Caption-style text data

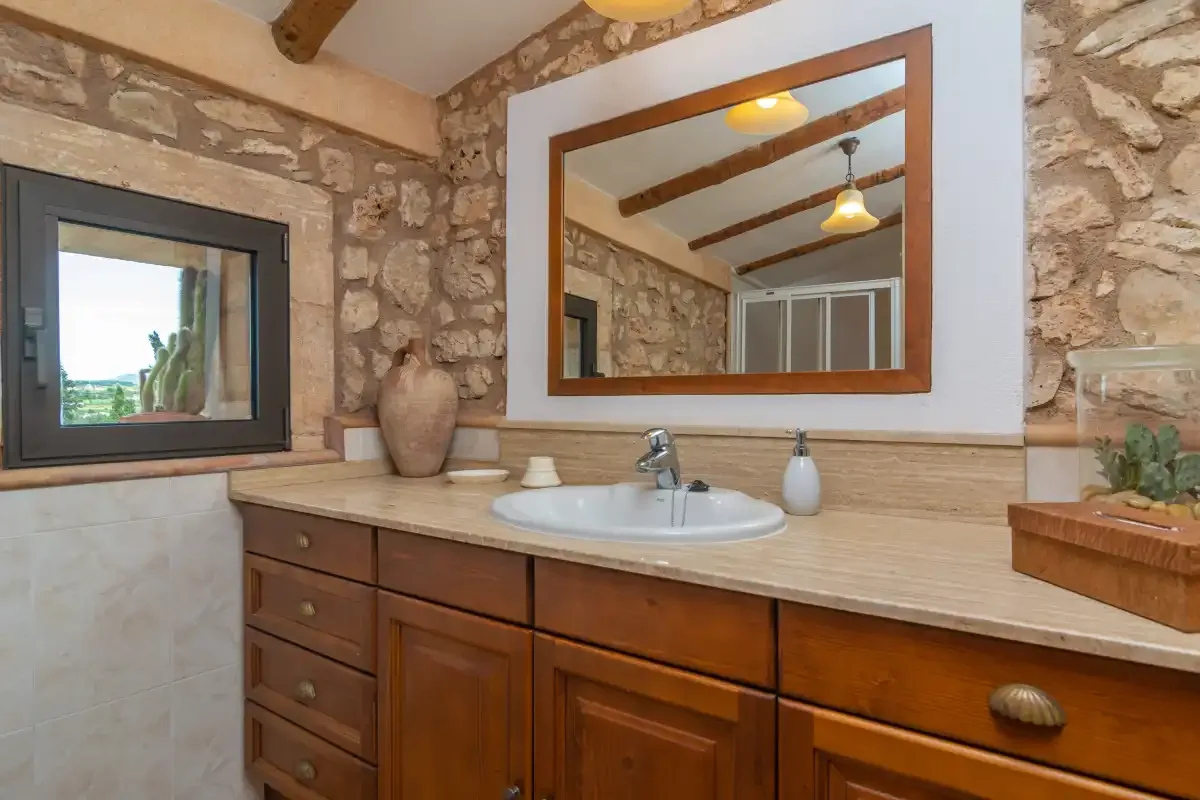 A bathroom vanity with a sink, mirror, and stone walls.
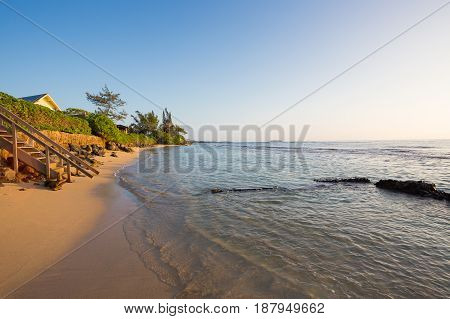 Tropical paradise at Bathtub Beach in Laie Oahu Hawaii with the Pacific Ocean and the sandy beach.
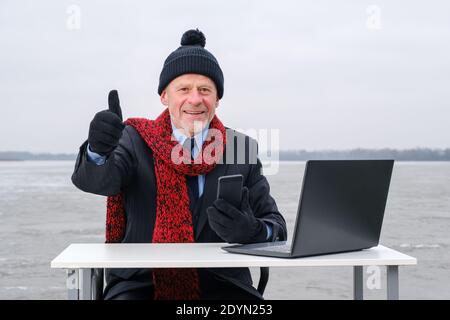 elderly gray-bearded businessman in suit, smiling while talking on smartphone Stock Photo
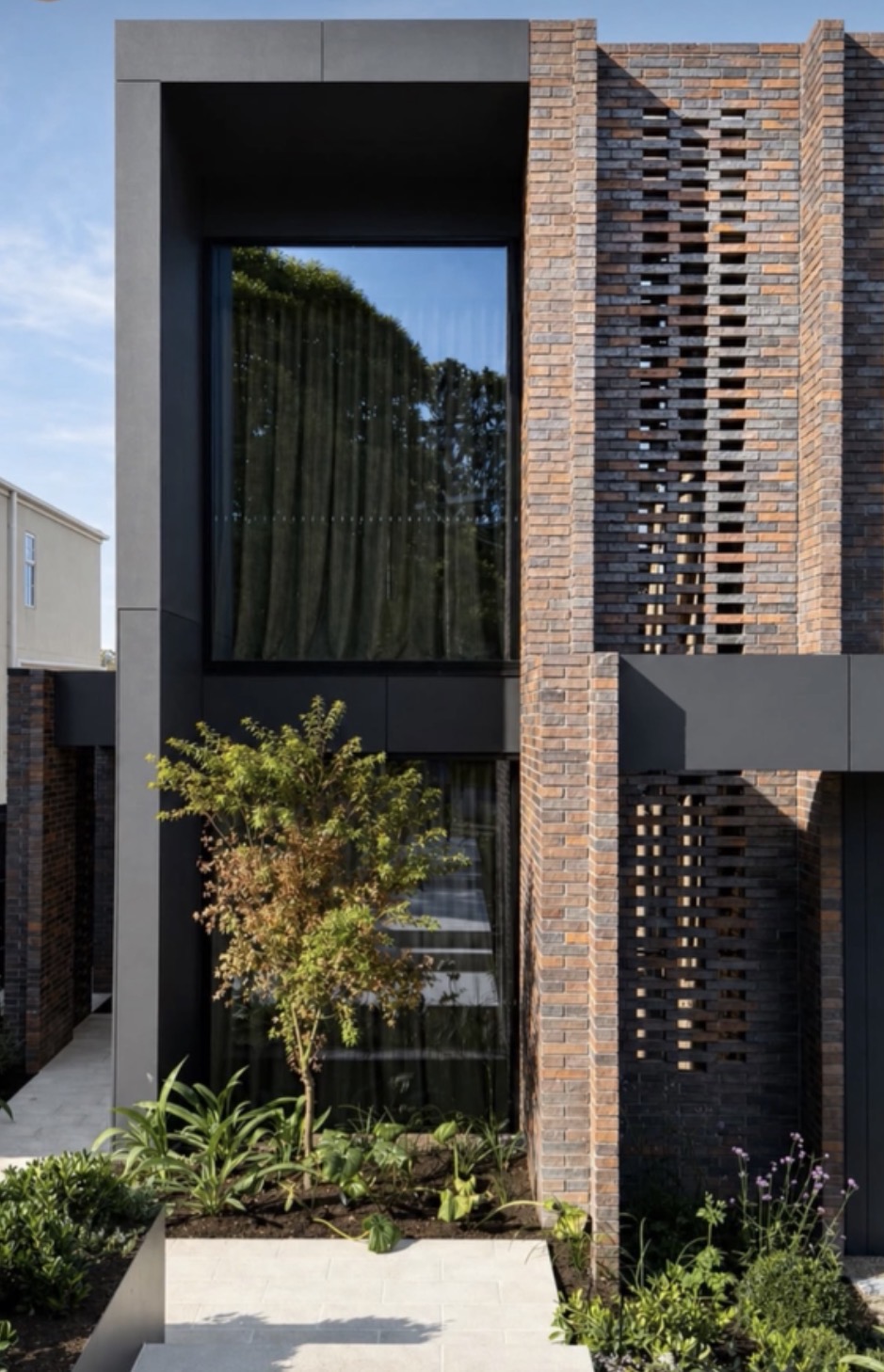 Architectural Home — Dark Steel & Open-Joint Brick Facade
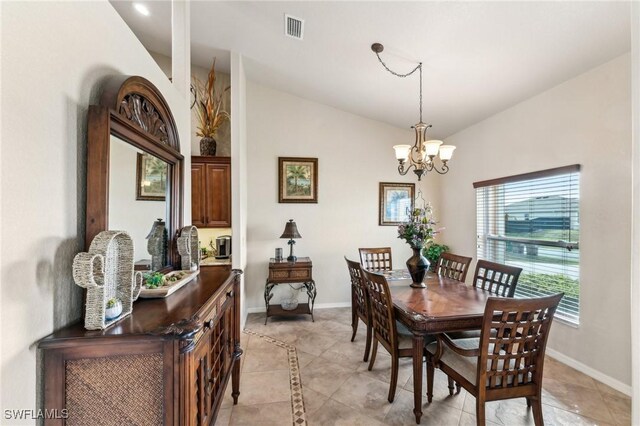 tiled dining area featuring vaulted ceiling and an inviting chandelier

What to do
What is needed is the data above, retyped exactly, with every picture left out.

Task result
 A bathroom vanity with a sink, mirror, and stone walls.
 Tropical paradise at Bathtub Beach in Laie Oahu Hawaii with the Pacific Ocean and the sandy beach.
 elderly gray-bearded businessman in suit, smiling while talking on smartphone Stock Photo
 Architectural Home — Dark Steel & Open-Joint Brick Facade
 tiled dining area featuring vaulted ceiling and an inviting chandelier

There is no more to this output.